Last friday, the MSc student Caio Oliveira Carneloz defended his master’s thesis entitled “Auxílio no diagnóstico da doença de Alzheimer a partir de imagens de ressonância magnética utilizando competição e cooperação entre partículas” (“Diagnostic aid for Alzheimer’s disease from magnetic resonance imaging using particle competition and cooperation”), and he was approved. Congratulations, Caio!

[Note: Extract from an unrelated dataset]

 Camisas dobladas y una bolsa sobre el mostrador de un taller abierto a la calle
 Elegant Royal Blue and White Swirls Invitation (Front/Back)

In his work, he presents a semi-supervised approach to classify patients with Alzheimer’s disease from brain imaging, using the particle competition and cooperation model. In order to deal with images, feature extractors from general-purpose descriptors and pre-trained deep learning networks were used. The experiments were performed using the Open Access Series of Imaging Studies (OASIS) database. To evaluate the performance of the particle competition and cooperation model, its results were compared to those achieved by the SVM, kNN, Naive Bayes, Label Propagation and Label Spreading algorithms. The results have shown that this approach is promising and behaves as expected regarding the use of labeled data, i.e., the particle competition and cooperation model needs less labeled data, as it takes advantage of its semi-supervised learning approach.
Thanks to Prof. Dr. João Roberto Bertini Júnior (UNICAMP) and Prof. Dr. Danilo Medeiros Eler (UNESP) for their participation in the examination committee, and their valuable comments and suggestions.